What you should do => Exact reproduction of all the entries is required, without any of their pictures.

---*---

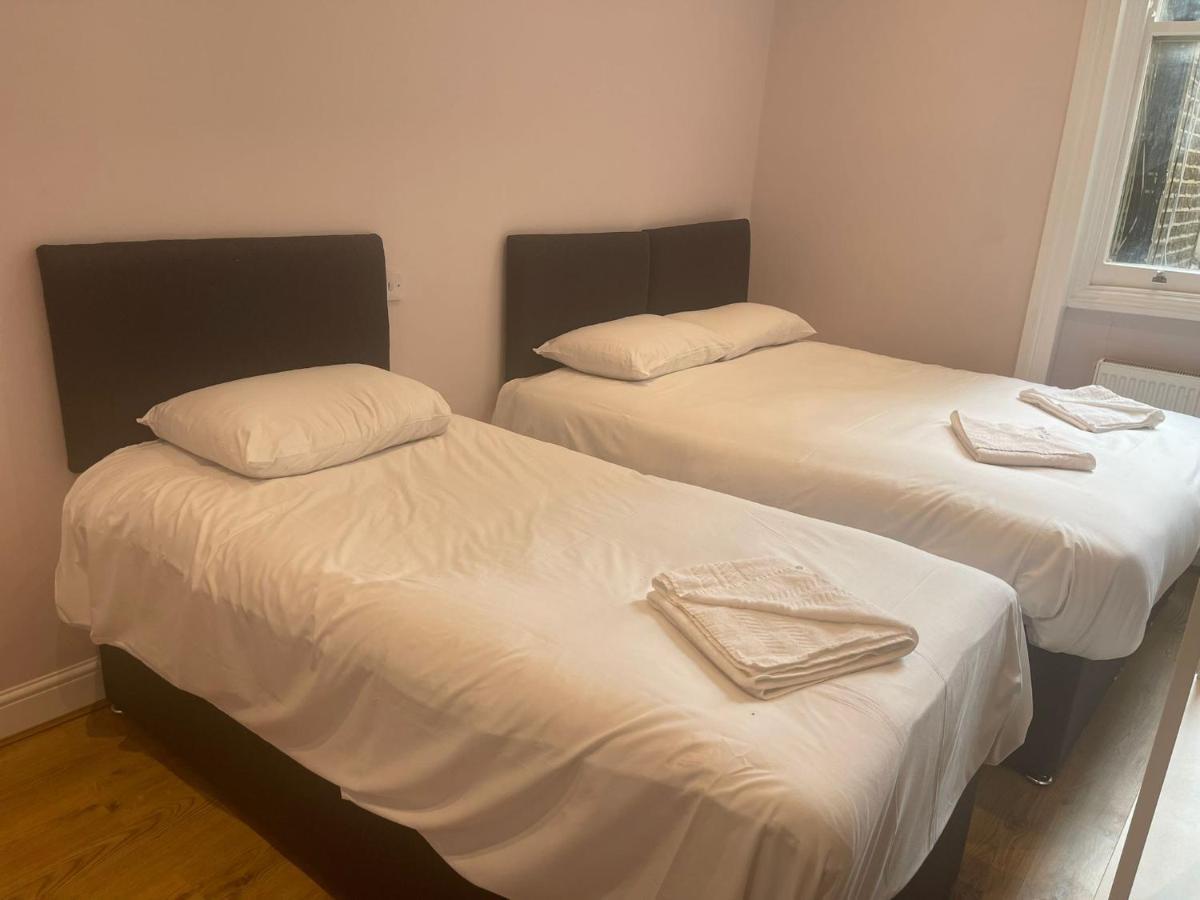 The Chapter Hotels - Hyde Park London Phòng bức ảnh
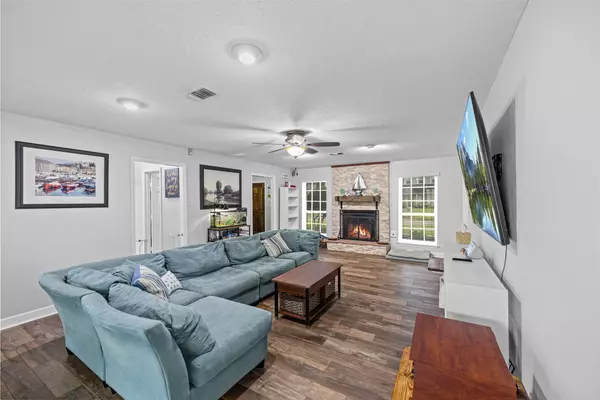 Baytown, TX 77521,3700 September DR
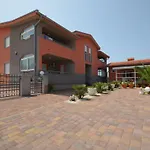 Lejlighed Komljen 1 By Interhome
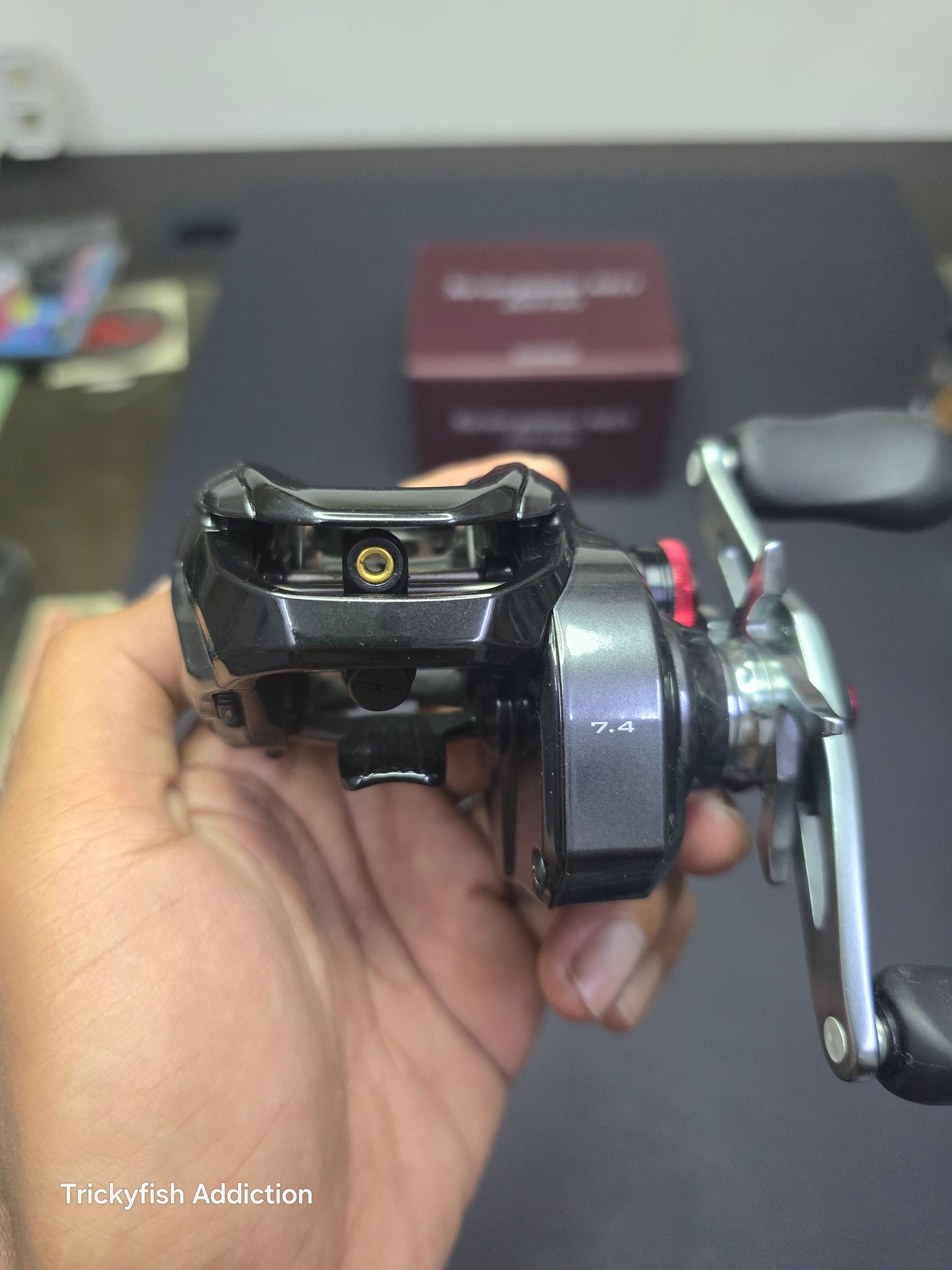 [USED A] 24 Scorpion MD 201HG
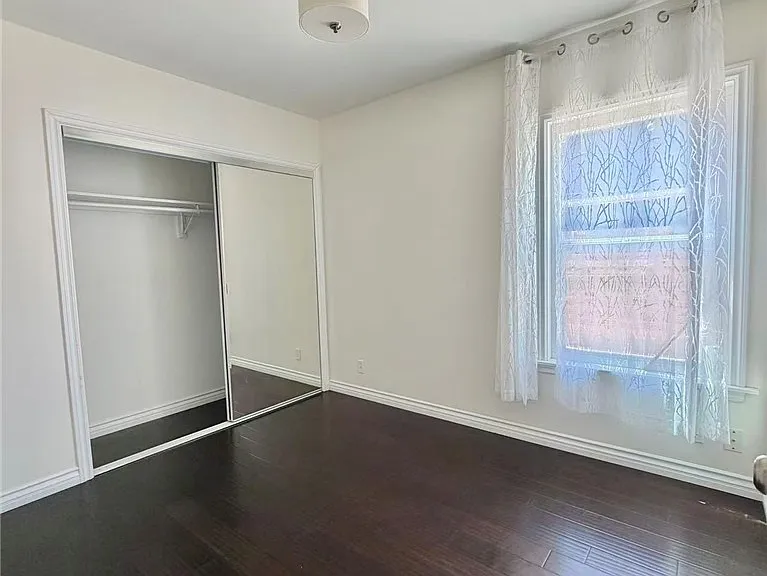 274 S Craig Ave — Photo 13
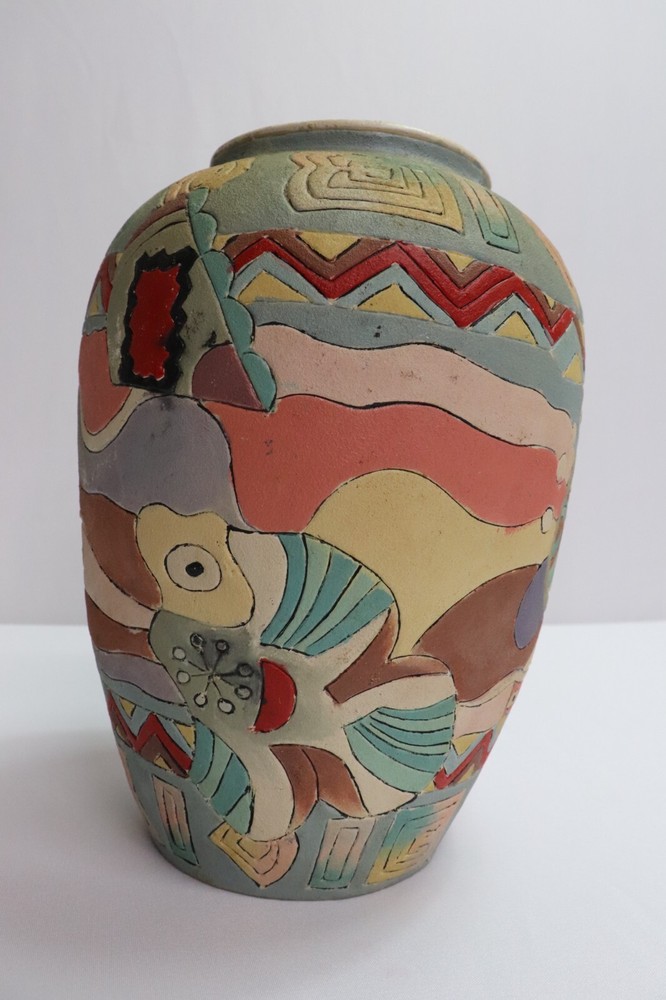 Ceramic Carved 10"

---*---

Worked solution =>
 The Chapter Hotels - Hyde Park London Phòng bức ảnh
 Baytown, TX 77521,3700 September DR
 Lejlighed Komljen 1 By Interhome
 [USED A] 24 Scorpion MD 201HG
 274 S Craig Ave — Photo 13
 Ceramic Carved 10"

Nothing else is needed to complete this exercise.